SOiLVER platform -Innovative planning, management and financing of decontamination and reuse of land
Call ID: HORIZON-MISS-2022-SOIL-01-04
Remediation strategies, methods and financial models for decontamination and reuse of land in urban and rural areas
The project was submitted in September 2022. The result is expected in the beginning of 2023.
Soil contamination is recognized as a major global concern causing potential adverse effects on human health and the environment. Although, soil scientists are unequivocal towards the impacts of soil pollution, societal appreciation regarding soil contamination hazards is yet to be established. The transition to zero pollution and resilient societies adapting to the requirements for soil pollution reduction and restoration, entails major transformation to citizen engagement and empowerment. Indeed, the European Commission (EC) has identified 1.2 million contaminated sites, with less than 5% being currently remediated. Additionally, a large proportion of EU soils is currently subject to unsustainable management practices, jeopardizing soil health and people’s livelihood. Hence, there is a particularly strong political imperative to undertake remediation actions. However, remediation strategies vary as they depend on the site’s specific characteristics, such as the size of the affected area, contaminants’ type and concentration, protective measures to be taken for the population during remediation, most importantly, the target level of decontamination to be achieved, as in many cases achieving 100% removal is neither feasible technically nor economically despite social pressures. The existing environment and proposed end-use of the area upon remediation is also a critical consideration as this determines the sensitivity of the receptor.

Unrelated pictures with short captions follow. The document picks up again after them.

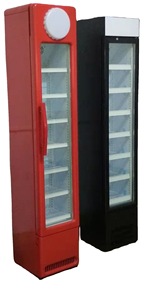 Mini Refrigerador Portátil para Oficina, Dormitorio, Casa de Campo, Enfriador de Bebidas Dietéticas, Refrigerador Retro - Product Image 3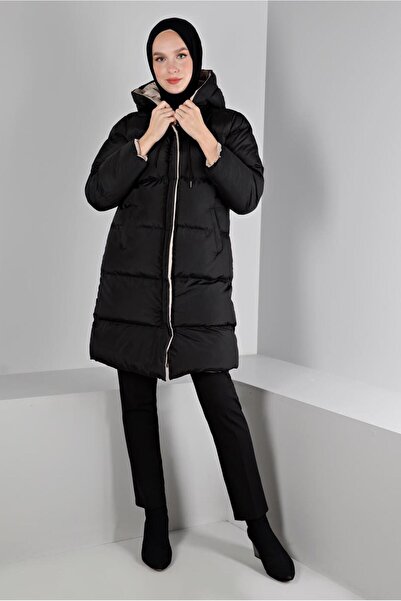 Alvina 90391 Model Hooded Inflatable Coat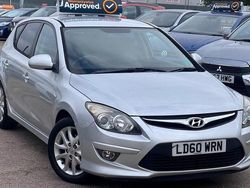 Silver Used 2010 Hyundai i30 Comfort Hatchback | £3,250 (Fair price)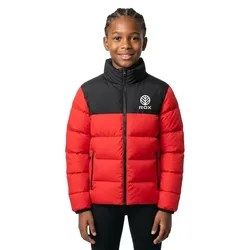 R-mystery Jacket Red / Black 14 Years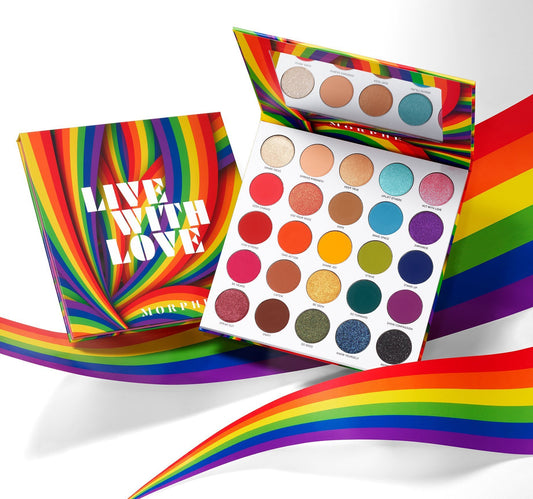 Live With Love Artistry Palette ~Morphe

Investment costs may include acquisition of private property, scientific research and environmental monitoring, removal of pollutants, translocation of species, and compensation to local resource users for any reduction in their existing economic rights. Establishing an acceptable balance or rebalancing regulations, interests, risks and vulnerabilities is a key challenge, especially as the respective remediation costs may range from a few thousands to hundreds of millions of euros annually and the ownership of the problem (contaminated soil) and beneficiaries of decontaminated land do not always coincide. At the same time, the re-use of the restored land and potential respective business models may also become an object of conflict between interest groups seeking a balance between revenues that may be generated against business investment cost and welfare gains. Combined with the large investments needs, co-creating and co-deciding the way forward amongst actors and stakeholders related to the respective sites, becomes imperative as is the need to co-understand, co-design, co-fund/finance and, ultimately, co-realize business models capable to regenerate soil, land and sites livelihood. This is especially important in regions affected by the green transition. Additionally, the decontamination and reclamation of contaminated lands across Europe regains all its importance and relevance in view of the food crisis caused by the war in Ukraine.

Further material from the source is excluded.